I've had a very positive response on this, both from those who want to come and from some who'd rather not, but who still think it's a good idea. The route is above and here are the arrangements:

At 0900 sharp on 14th April the Seaside Party will leave Cheam crossroads. There will be plenty of others there - it's an early start day anyway. We'll go via Henfold Lakes, but will only take a short break and will be gone well before 1100 - nb those who plan to join us there. The route then goes on through some pretty countryside to Shoreham, where I had a good two-course fish lunch at the Crown and Anchor when I rode the route on Monday.

The return route is via Steyning, skirting Horsham and rejoining the outward route at Rusper. We will finish at Leatherhead, before 1800 if all goes well.

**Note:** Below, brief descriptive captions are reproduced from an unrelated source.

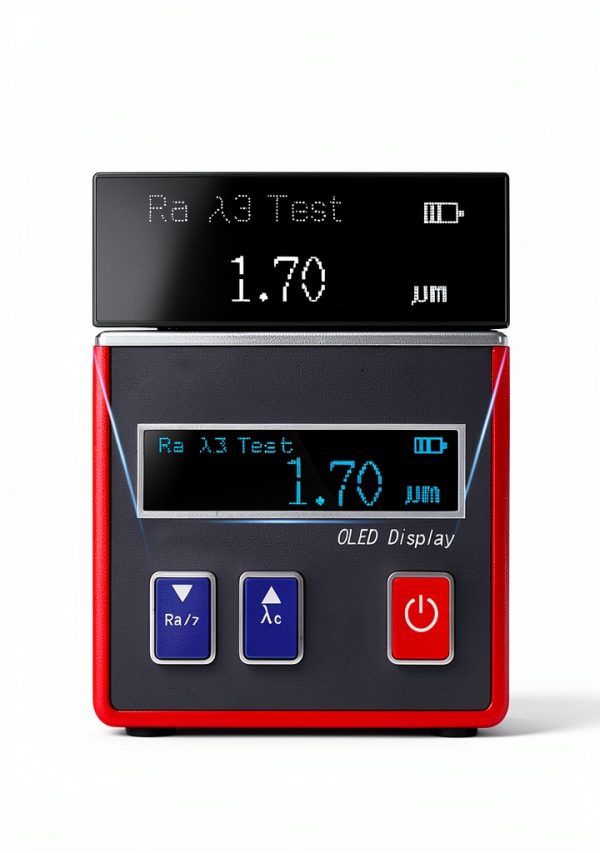 KairDa Surface Roughness Gauge Digital LCD Aluminum Mold Puller 321-2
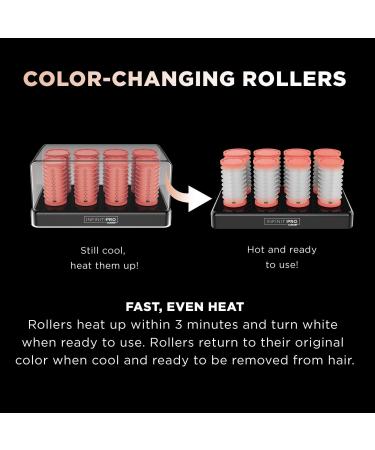 Discover Conair 8-Piece Color Changing Hot Roller Set - Elevate Your Style Instantly! - Buy Online on GoSupps.com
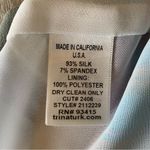 Trina Turk Silk Colorful Abstract Mini Shift Dress Sz 0 Designer Preppy Resort Photo 6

Wetherspoons for those who fancy it or straight home for those who don't. 92 miles Cheam to Leatherhead - those who want it will easily score their Century.

I would emphasise that this is neither a hard nor a fast ride. There are some small hills, but nothing challenging, and the pace will be the normal 'A' Group Wednesday speed of about 12 mph. Those who are daunted by the distance need not worry - the return route parallels the railway line from Horsham so anyone who wants can peel off at any time - even on the outward leg, if need be - and take a train back to Leatherhead, Cheam or wherever. So you can have a good day out and lunch at the seaside for 55 miles or so of steady riding with the train helping you out on the last bit.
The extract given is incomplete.